Wednesday, May 26, 2021

Wealth inequality has not increased for three decades when all assets accounted for.

From Social Security and Trends in Wealth Inequality by Sylvain Catherine, Max Miller, and Natasha Sarin.  From the Abstract:

Recent influential work finds large increases in inequality in the U.S. based on measures of wealth concentration that notably exclude the value of social insurance programs. This paper revisits this conclusion by incorporating Social Security retirement benefits into measures of wealth inequality. We find that top wealth shares have not increased in the last three decades when Social Security is properly accounted for. This finding is robust to assumptions about how taxes and benefits may change in response to system financing concerns. When discounted at the risk-free rate, real Social Security wealth increased substantially from $4.8 trillion in 1989 to $41.3 trillion in 2016. When we adjust the discount rate for long-run macroeconomic risk, this increase remains sizable, growing from over $3.9 trillion in 1989 to $33.9 trillion in 2016. Consequently, by 2016, Social Security wealth represents 57% of the wealth of the bottom 90% of the wealth distribution.

For more than a decade, perhaps two, it has been known that a good understanding of the economic conditions of the bottom 20% and even 40% of the income quintiles necessarily requires incorporation of government transfer programs.  Income inequality is much lower when this is done.  It also explains why absolute consumption levels are so much higher for the bottom two quintiles than if you look only at earned income.  

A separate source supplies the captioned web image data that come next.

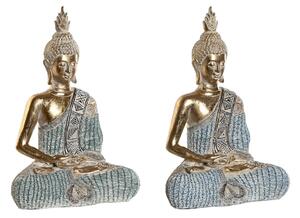 Dekoratívne postava DKD Home Decor 23 x 13 x 34 cm Modrá Buddha Tyrkysový Orientálny Čistenie (2 kusov)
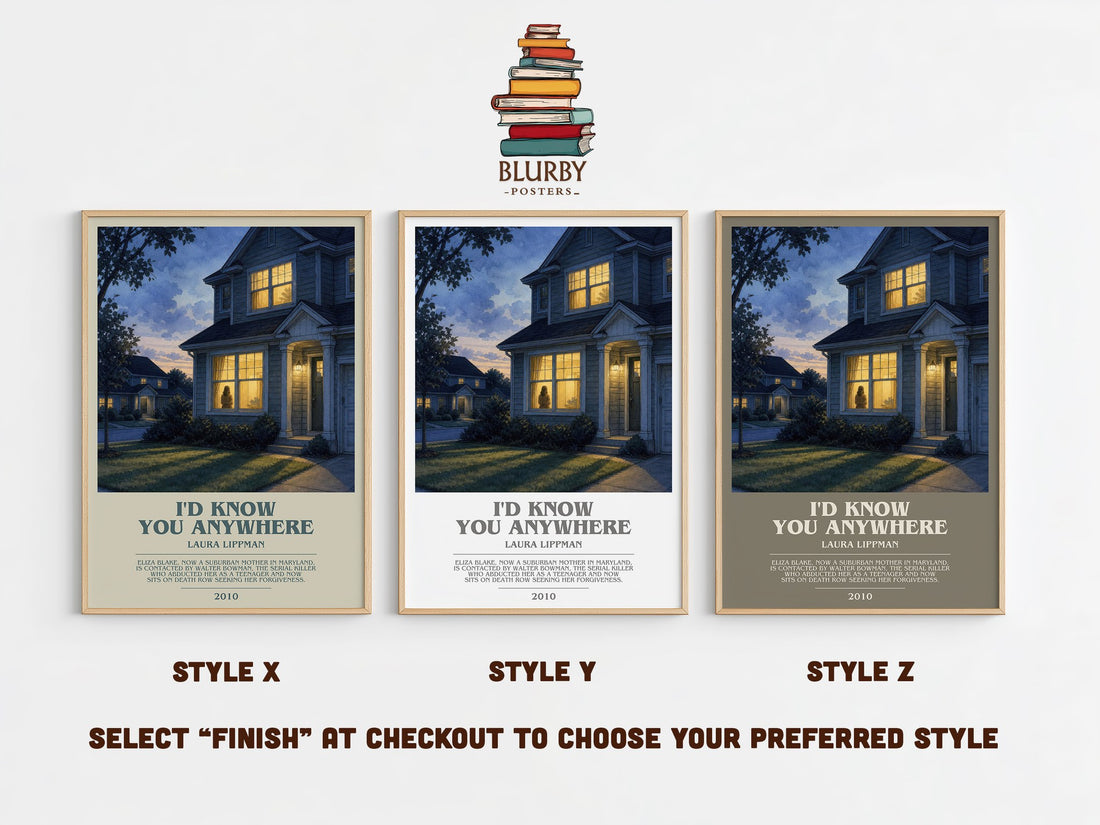 I'd Know You Anywhere bookish print in frame leaning in hallway – thriller wall art (mockup)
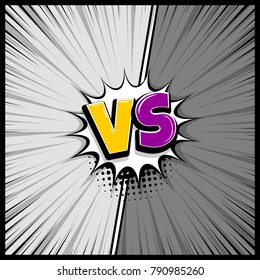 Pop art monochrome manga backdrop mockup. Vector illustration halftone dot. Fight  boom explosion. Speech bubble box balloon. Versus comic text. Comics book empty colored template background.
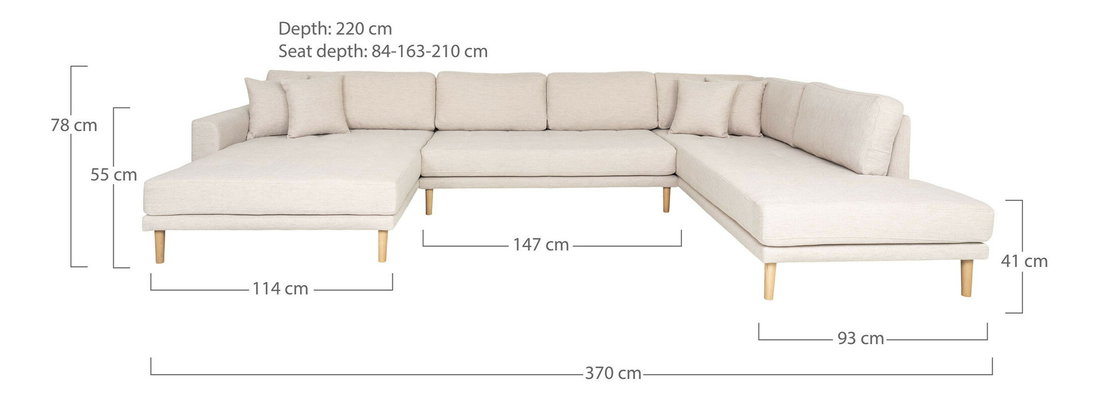 U alakú sarokkanapé szett (B) Lvaveriaora U (homokszínű)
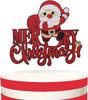 Creativo Feliz Navidad Sombrero de Navidad Muñeco de nieve Inserción para pastel Tarjeta Decoración para fiesta temática navideña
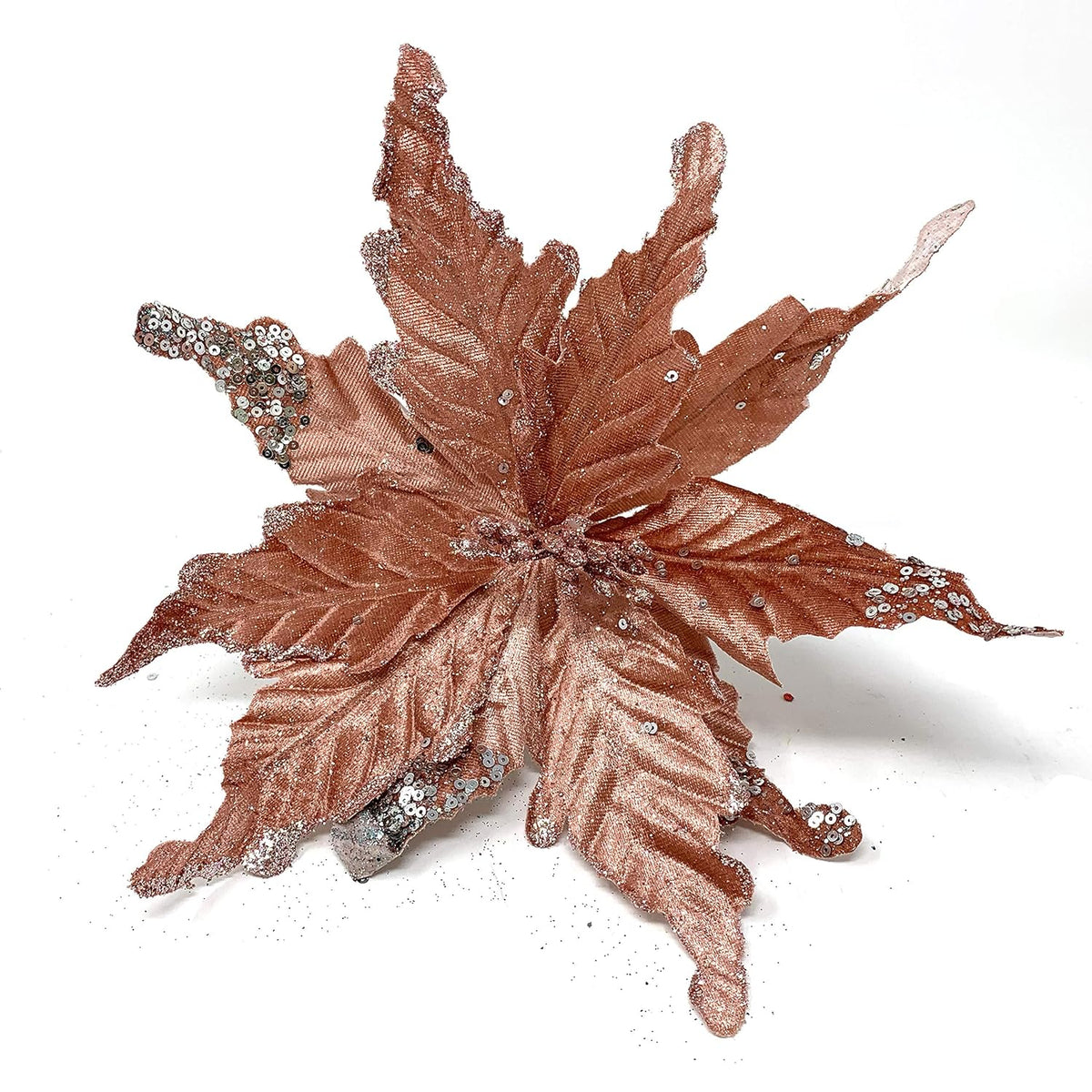Xf93305 Glitter And Sequin Decorated Fabric Poinsettia Artificial Christmas Flower With Clips (Pack Of 6, Pink Fade)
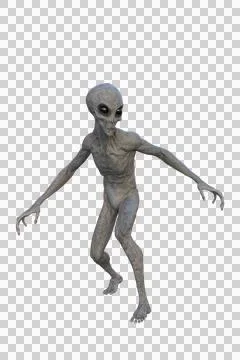Grey Alien walking. 3D render isolated on transparent background. Stock Illustration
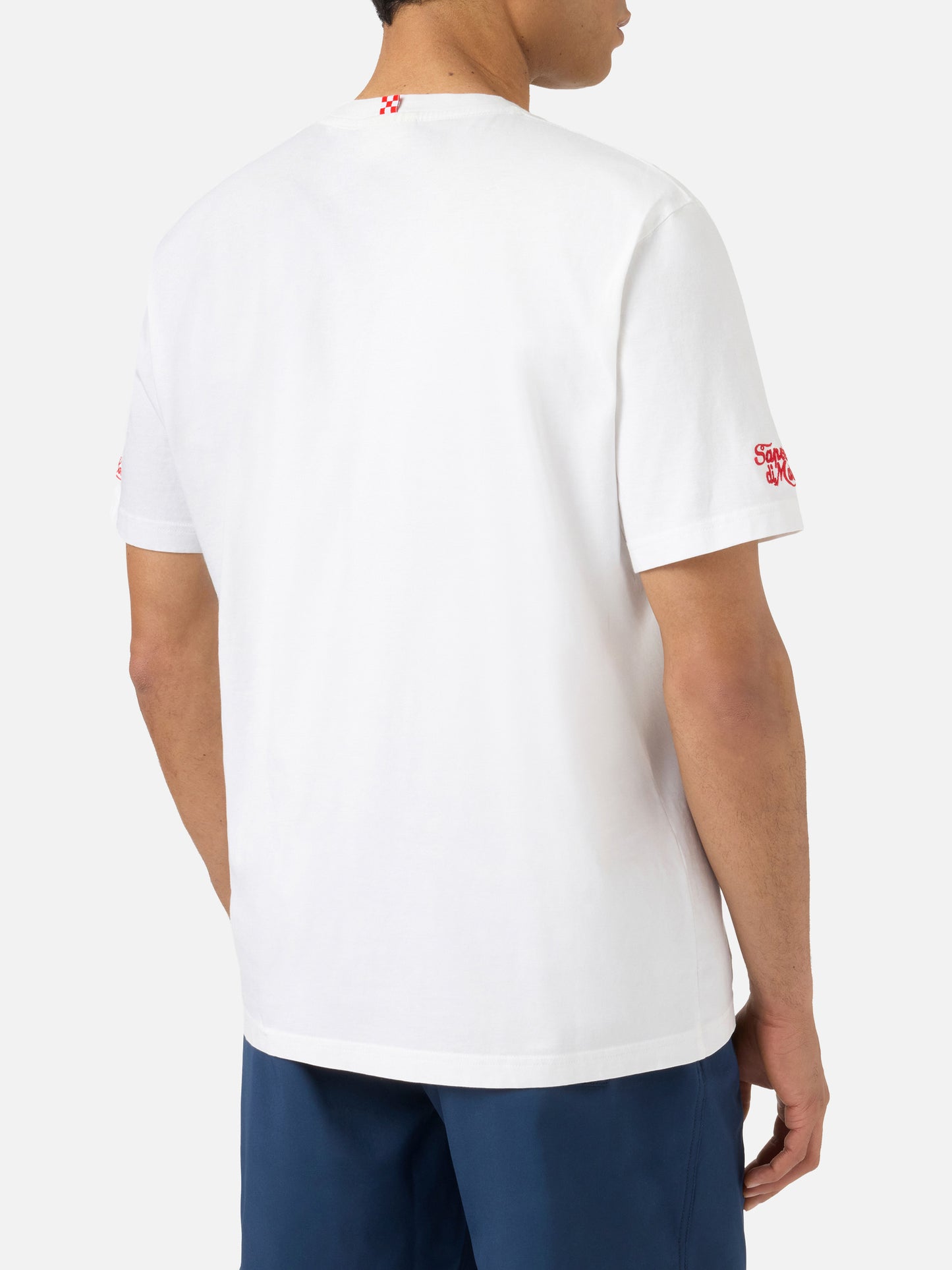White Portofino T-shirt with Abbronzatissimo embroidery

It also creates some interesting insights such as the bottom two income quintiles, all income included, have household incomes and consumption rates near those of the middle class in 1960 or 1970 in real terms.  

This paper is doing the same adjustment on the wealth side of things.  I am not too surprised that there has been not too much increase in wealth inequality over the past three decades.  The top quintile have done exceptionally well from asset valuation increases but Social Security has become increasingly generous, particularly when you take into account other age targeted programs such Medicare.  

Studies such as this are heavily dependent on assumptions and I have not reviewed it in detail but the findings are not a surprise.  Inequality is a desperate rallying cry on the left but it has far less meaning than it did in 1900 or 1950.